9 Easy Steps to Make Healthy Fruit Jam – Fruit preserves are any fruit that has been traditionally prepared using pectin and sugar to aid in long-term storage. Generally, jam contains both the fruit juice and pieces of flesh, while jelly is simply solid fruit juice made firm through the use of pectin, a natural product made from apples. The most common fruits used to make jam are strawberry and grapes, although berries, citrus fruits, and mint are also gaining popularity.
Why making fruit jam will click as a food business? Because Pinoys are known for their sweet tooth, and are always in search of a good palaman for their bread. For this reason, fruit jam is a common staple in every household and is consumed by every family member. And because the Philippines is teeming with tropical fruits, it is easy to make a variety of jam.
Start-up capital in making fruit jam for business is about P5,000 for 12 bottles. One batch will take an hour to cook, but will need to be set overnight.
• 12 8 oz. sterilized glass bottles with cap, P300-500
• Strainer (cheesecloth or colander), P200
• 2 large pots (preferably non-stick for easy cleanup) P400
• Large stainless steel bowl, P150
• Potato masher, P100
• Ladle, P50
• Metal tablespoon, P10
• Tongs, P50
• 2.2 kilograms of fruit, P200-400
• 7 cups of sugar – P40-60
These materials are all available in supermarkets.
Procedure in making fruit jam:
1. Wash your bottle and lids thoroughly in hot, soapy water. Rinse, and then sterilize them in a large pot of boiling water for 10 minutes. Leave them in the pot until you’re ready to fill them.

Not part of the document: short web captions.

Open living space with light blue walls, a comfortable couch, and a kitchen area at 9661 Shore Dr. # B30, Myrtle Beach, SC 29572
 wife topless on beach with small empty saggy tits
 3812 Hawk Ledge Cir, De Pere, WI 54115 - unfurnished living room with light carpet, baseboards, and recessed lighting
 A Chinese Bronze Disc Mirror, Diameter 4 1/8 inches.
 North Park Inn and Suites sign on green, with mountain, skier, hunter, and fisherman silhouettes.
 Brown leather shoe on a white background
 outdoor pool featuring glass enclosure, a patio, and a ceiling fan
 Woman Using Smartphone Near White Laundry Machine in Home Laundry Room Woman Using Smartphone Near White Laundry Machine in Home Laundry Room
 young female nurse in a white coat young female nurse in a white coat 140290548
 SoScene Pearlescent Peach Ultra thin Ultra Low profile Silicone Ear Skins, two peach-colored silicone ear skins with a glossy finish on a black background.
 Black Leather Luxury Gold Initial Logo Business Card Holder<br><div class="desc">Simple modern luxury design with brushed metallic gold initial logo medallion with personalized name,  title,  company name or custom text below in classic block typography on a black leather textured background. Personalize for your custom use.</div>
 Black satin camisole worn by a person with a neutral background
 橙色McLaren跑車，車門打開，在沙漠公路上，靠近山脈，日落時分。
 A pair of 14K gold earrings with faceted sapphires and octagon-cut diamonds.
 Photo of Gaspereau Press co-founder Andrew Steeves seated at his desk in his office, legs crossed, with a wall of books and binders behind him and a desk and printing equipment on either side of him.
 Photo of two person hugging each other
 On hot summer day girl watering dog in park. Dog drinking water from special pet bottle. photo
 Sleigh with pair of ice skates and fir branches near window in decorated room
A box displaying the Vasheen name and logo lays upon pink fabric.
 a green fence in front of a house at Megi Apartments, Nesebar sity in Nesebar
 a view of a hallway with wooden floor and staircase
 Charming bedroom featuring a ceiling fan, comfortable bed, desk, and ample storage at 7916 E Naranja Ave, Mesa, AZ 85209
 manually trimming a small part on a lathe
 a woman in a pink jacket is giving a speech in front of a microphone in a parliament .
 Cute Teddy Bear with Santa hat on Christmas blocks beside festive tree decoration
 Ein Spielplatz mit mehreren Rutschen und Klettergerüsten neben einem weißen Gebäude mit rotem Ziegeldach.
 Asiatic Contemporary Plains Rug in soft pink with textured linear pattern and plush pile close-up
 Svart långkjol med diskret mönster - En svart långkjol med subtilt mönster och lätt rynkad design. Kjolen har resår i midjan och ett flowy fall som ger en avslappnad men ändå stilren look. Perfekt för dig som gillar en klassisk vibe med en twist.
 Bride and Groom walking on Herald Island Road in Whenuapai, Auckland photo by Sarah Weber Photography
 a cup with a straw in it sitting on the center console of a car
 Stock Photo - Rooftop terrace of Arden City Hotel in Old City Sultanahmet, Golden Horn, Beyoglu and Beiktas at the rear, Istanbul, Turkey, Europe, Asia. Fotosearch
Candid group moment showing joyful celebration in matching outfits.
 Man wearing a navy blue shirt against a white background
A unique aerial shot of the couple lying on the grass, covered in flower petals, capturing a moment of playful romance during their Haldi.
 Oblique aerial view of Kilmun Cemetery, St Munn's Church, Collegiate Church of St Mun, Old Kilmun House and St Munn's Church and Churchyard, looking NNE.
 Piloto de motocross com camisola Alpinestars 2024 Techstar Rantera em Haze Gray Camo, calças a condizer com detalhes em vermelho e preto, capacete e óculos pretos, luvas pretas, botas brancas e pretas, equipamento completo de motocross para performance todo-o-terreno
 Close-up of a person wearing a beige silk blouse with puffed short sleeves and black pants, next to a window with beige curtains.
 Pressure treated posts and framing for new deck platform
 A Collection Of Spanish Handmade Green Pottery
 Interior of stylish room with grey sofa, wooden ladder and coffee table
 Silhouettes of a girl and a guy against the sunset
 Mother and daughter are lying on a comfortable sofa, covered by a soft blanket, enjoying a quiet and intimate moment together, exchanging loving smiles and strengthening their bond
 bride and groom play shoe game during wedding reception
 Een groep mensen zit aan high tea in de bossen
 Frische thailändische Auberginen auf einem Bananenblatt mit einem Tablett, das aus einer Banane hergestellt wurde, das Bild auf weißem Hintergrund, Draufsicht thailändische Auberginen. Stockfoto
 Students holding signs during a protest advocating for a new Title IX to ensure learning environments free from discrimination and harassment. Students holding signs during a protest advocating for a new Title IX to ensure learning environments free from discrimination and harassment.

2. Wash the fruit and place them into the stainless steel bowl. Using the potato masher (a food processor or fork would also work), crush the fruit into fine pieces.
3. Transfer the fruit pulp to the other pot, adding just enough water to immerse the fruit. (Juicy fruit will need about 0.5 cup of water for each kilogram of fruit.) Add calamansi if the fruit you are using isn’ acidic enough.
4. Boil over low to medium heat, stirring frequently to prevent burning. This helps release the juice and break down the fruit. Soft fruits should be boiled for 3 minutes, while firmer varieties may require more time. Make sure not to overcook the fruit, as this reduces the quality of the jam.
5. Pour the fruit through the cheesecloth strainer to clear the jelly. Allow the juice to drain completely, twisting the bag slightly to squeeze the remaining drops. Strain again. (If you want fruit chunks, you may opt to let the fruit stand in the pot for 10 minutes and then pour off the clear liquid, leaving the solids behind.)
6. Place the juice back into the pot, and add the sugar. (Add 1 cup of sugar for every cup of high-pectin fruit juice. Only add ¾ cup of sugar for those with moderate or low pectin levels.) if the juice is pale, add the sugar before boiling. If not, add the sugar after boiling. Don’t stir, as the mixture comes to boil.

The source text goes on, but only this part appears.